The Great War soured DeCasseres quite a bit—“four years of planetary cannibalism”—though he softened some with the subsequent peace, and found himself drawn to Hellenic polytheism. Likely also turning him toward a Romantic worldview was the situation of his own romance. Mary Jones, the woman whom he had been courting by letter for almost two decades—left her husband. Bio, as she preferred to be called, honoring her Native American ancestry, came back to New York and married Benjamin. They stayed together until his death. That year, as well. Benjamin left the employ of the Herald.
For the next couple of years, he was on the staff of the Famous Players-Laskey Corp. And he evolved, as he approached the age of fifty, what he would consider a more mature relationship with the idea of God. “So at last! Artist and Ironist!—that is God! . . . God has nothing to do with human beings except as characters in an eternal serial, an eternal dream-tale, an eternal fabulous drama. Good and evil are art-motives. God is superhuman, inhuman, inhuman. He dreams scenarios, of which we are the puppets. Our agonies and prayers are situations. He is Spinoza’s God, the Eternal Return of Nietzsche, the Oversoul of Emerson, the Unknowable of Spencer, the Mephistopheles of Goethe. He is All—omniscient, omnipotent, omnipresent, eternal creator, eternal playboy, eternal incarnation; the great dramaturge. Arriving at this truth, I was released. I, with the rest of the species, am part of the music, drama, farce and mathematics of the Supreme Artist.”
His connection to the theater continued until 1924, when he once more left New York for a year, moving across the continent to Hollywood, where he was head of the title Department at Universal Pictures. Even so, he continued to write for “Arts and Decorations”—including play reviews—after returning to New York. Some obituaries report that he stopped doing book reviews around this time, but I am not sure that is true: it may just be that he did them at a reduced rate. He went to work for Hearst’s papers, and also started contributing to Mencken’s “American Mercury.” After a quarter century of toil, DeCasseres was not necessarily a household name, but he had a reputation: “America’s arch-rebel.” A joke: DeCasseres’s name put the stress on the second syllable, which rhymed with mass. One wag said, if it wasn’t for the “c,” no one would be confused.
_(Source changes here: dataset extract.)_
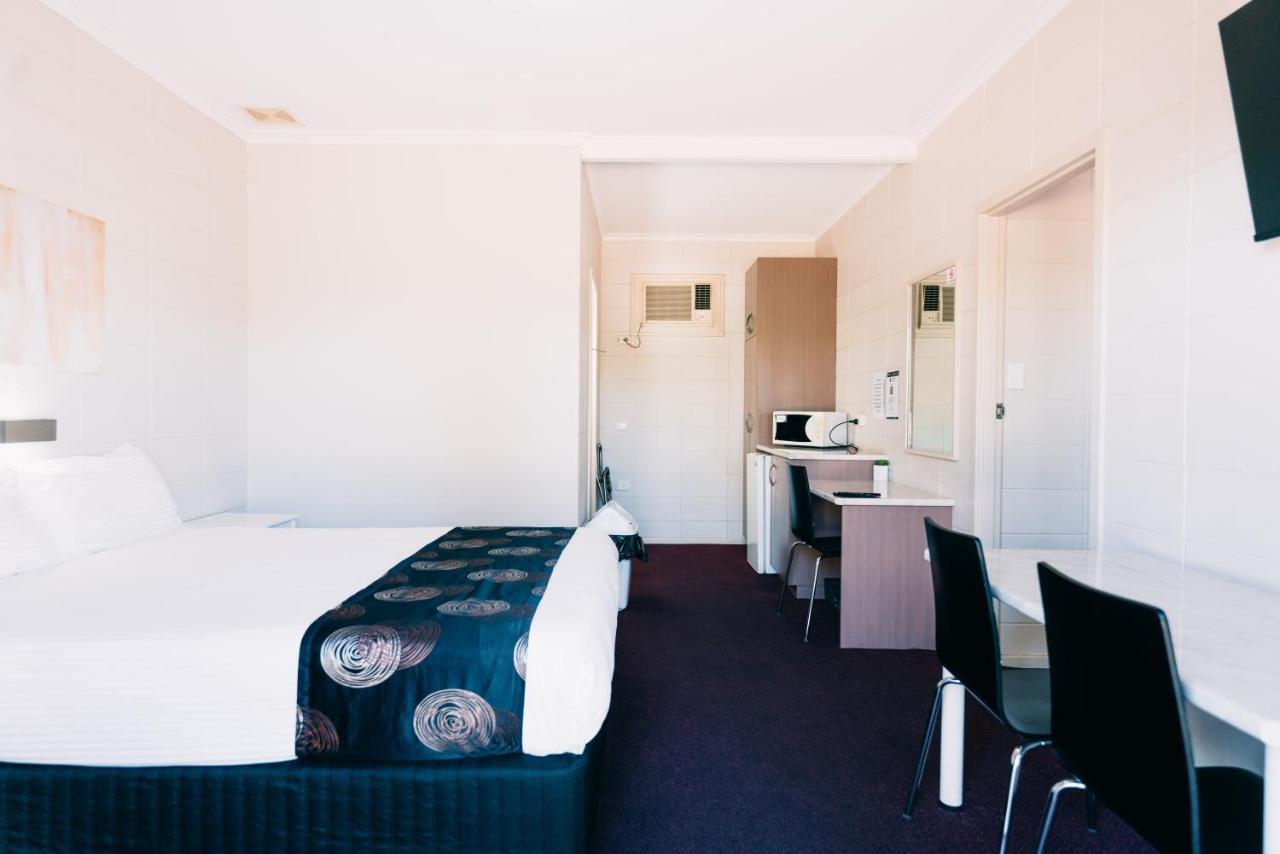 Motel Poinsettia Port Augusta Exterior foto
He continued to polish his iconoclastic bona fides. He told H. Allen Smith, in 1931, he was going to publish a book arguing that the 1920s were “the most idiotic decade in the history of mankind.” He harrumphed against science and its veneration. He poked at it in public and in private—in 1925, DeCasseres started a journal that he would keep for the rest of his life—some 400,000 words in all. One entry, titled “Proteus,” read, “The atheist-materialist is a fine study in the paradoxes of God. The atheist-materialist finds profound comfort in his disbelief. ‘I am your disbelief too,’ whispers God in his ear. No one can dodge the ruses of the eternal protean Essence.” And another:
“Science the crab—Does Science travel backward? Is its work simply the materialization, the mechanization of the ancient mystics, poets, soothsayers and the ‘nuts’? I believe so.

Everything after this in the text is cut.